Children. The very word felt like a knife to her heart. Emaile shook her head with a mirthless smirk. “And those are in even shorter supply than these clear-eyed visionaries you speak of, Father.”
He didn’t reply initially; his attention had been arrested by the scene outside the picture-window to the left: a sprinkling of snowflakes had begun to fall, white and soft and gentle—stark against the flat gray sky that bore down on them.

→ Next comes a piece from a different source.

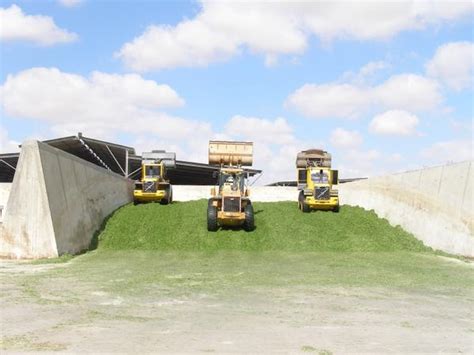 Forage Conservation Techniques Silage And Haylage Production Nc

Slowly, the barely-veiled frustration that so frequently darkened her father’s brow drew away. He straightened in his chair. “I wonder,” he mulled, tapping his chin with his fingertips. His eyes glittered as with a barely-contained secret. “The future may hold more than you think.”
Emaile followed her father’s gaze out the window, as if that would grant her insight into his sudden shift of mood. What could he possibly mean?
Unless—No… Could she dare hope?
“Why, Father!” Emaile covered her mouth, feigning concern. “We had best call a chirurgeon with you feeling this ill.” She released a hint of a playful smile. “For you must not be feeling yourself to hide a secret for this many syllables.”
He threw his head back and laughed—a genuine, full laugh like she hadn’t heard in years. Then he leaned across the chair arm to pat her hand and murmur in her ear: “I spoke with Ser Haurchefant last evening.”
Her heart skipped. He’s finally spoken to him? But that means…! But a life in Ishgard had taught her well; outwardly she refused to betray her excitement, merely arching a brow to encourage him to please hurry and tell her more.
“He said he would be delighted to play your host.” Her father’s grin could hardly grow brighter by now, yet it somehow had.
Skipping had turned to a hammering sprint. My host! Could it really be?
Her father’s chest puffed with pride. “We’re planning to send you off next year. It will be in the dead of winter, but he says there’s no safer time of year than that—for travel and for the war’s sake.”
But she’d hardly heard these details; she threw her arms around her father’s shoulders in embrace. “Father, you did it!” She was glad to be sitting down, feeling nearly dizzy with delight. Finally! Her chance to meet a new potential suitor. Her chance to advance House Retois.
Her chance to escape Ishgard.
Her father smiled humbly, enjoying their little moment of victory. “Four months, Emaile.” He took both her hands between his. “What happens next is up to you.”
She stared into her father’s eyes, which glowed with pride. Not of his achievement, but proud of her.
“Only, promise me one thing?” he asked.
Her chest felt as if it were burning: so full of fire and excitement and trepidation. “Of course, Father. Anything.”
He brushed her curl behind her ear with a sad smile. “You won’t marry him for the House,” he insisted, shaking her hands gently, “but for you.”